══ Records supplied ══

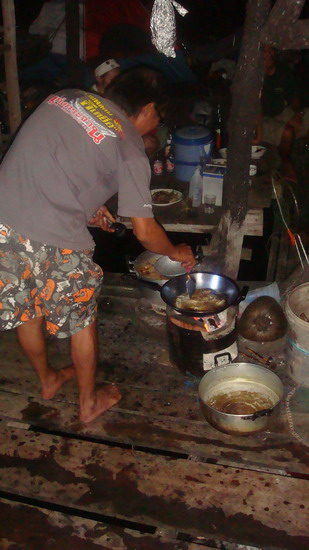ปลาเล็กปลาน้อยที่น้านัททอดก็เสร็จ..... :umh:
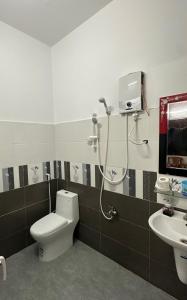a bathroom with a toilet and a sink at Khách Sạn Trang Thư in Quang Ngai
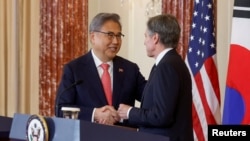 资料照片: 美国国务卿布林肯在华盛顿会见韩国外交部长朴振.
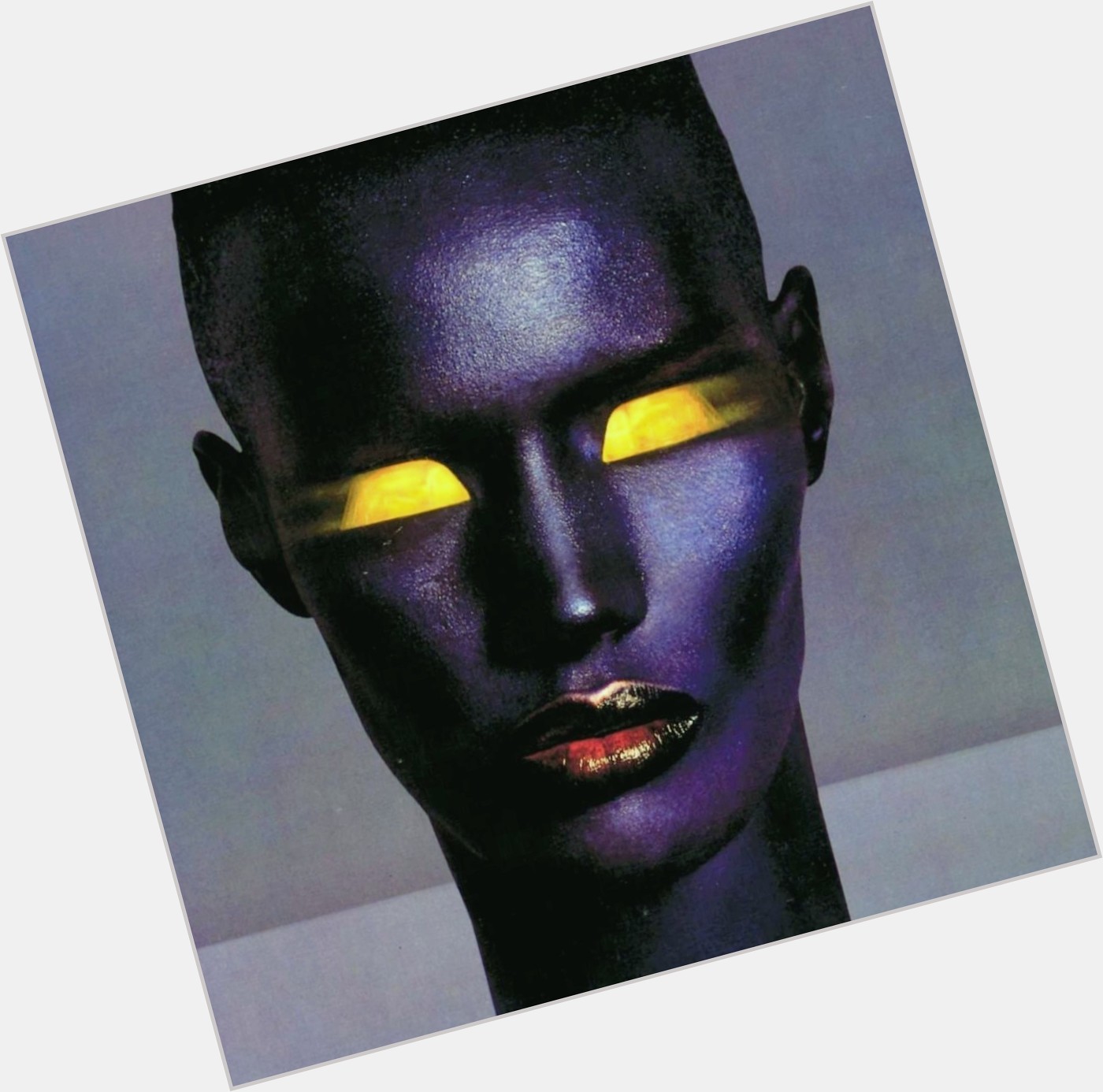 Happy 75th birthday to thee icon Grace Jones!! 

Photographed by Jean Paul Goude!! 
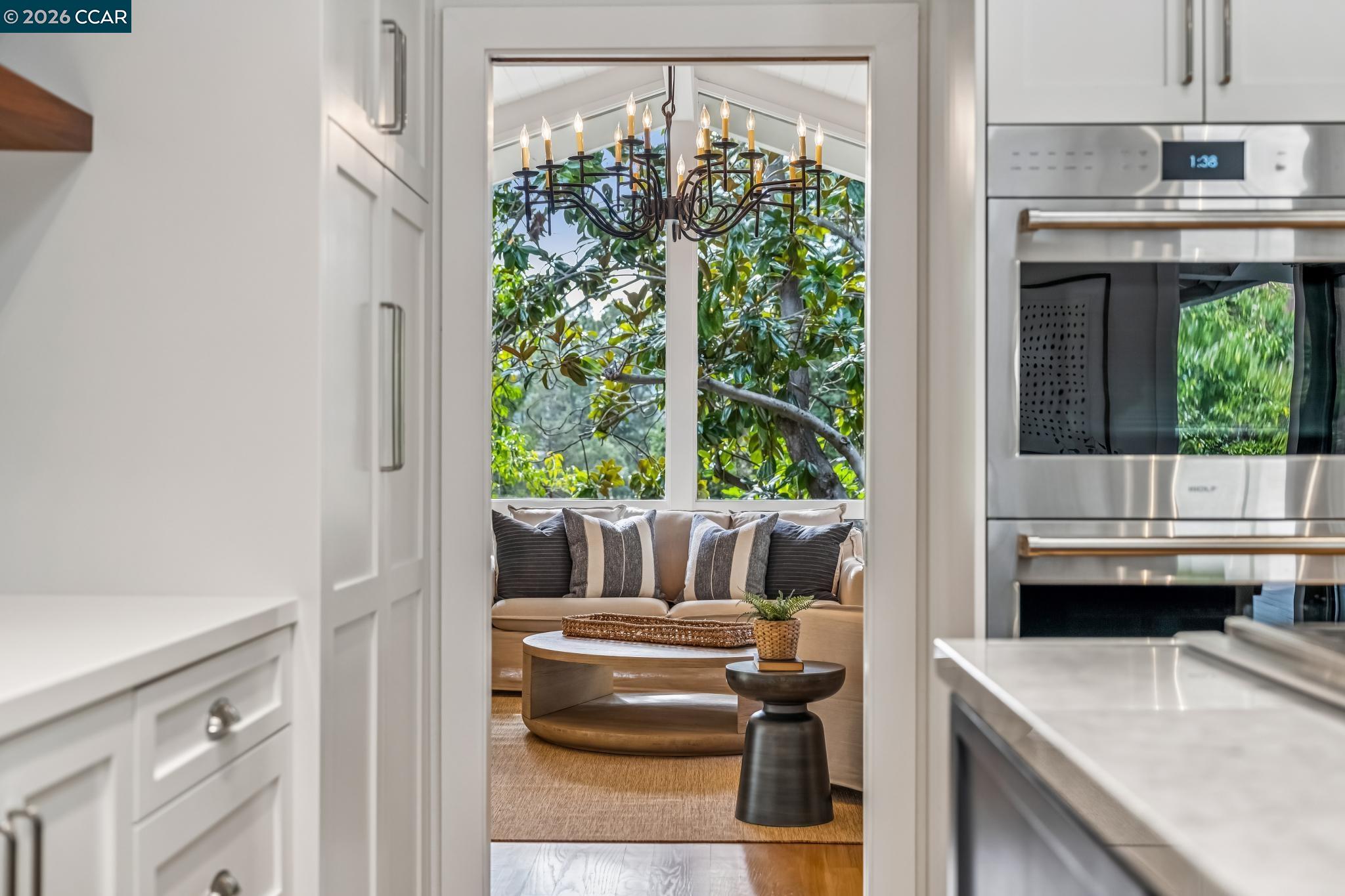 Detail Gallery Image 21 of 58 For 147 Amber Valley Dr, Orinda,  CA 94563 - 4 Beds | 4 Baths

═══

### [Task description]
Give back all of the entries above exactly, with the pictures excluded.

### [Answer section]
ปลาเล็กปลาน้อยที่น้านัททอดก็เสร็จ..... :umh:
a bathroom with a toilet and a sink at Khách Sạn Trang Thư in Quang Ngai
 资料照片: 美国国务卿布林肯在华盛顿会见韩国外交部长朴振.
 Happy 75th birthday to thee icon Grace Jones!! 

Photographed by Jean Paul Goude!! 
 Detail Gallery Image 21 of 58 For 147 Amber Valley Dr, Orinda,  CA 94563 - 4 Beds | 4 Baths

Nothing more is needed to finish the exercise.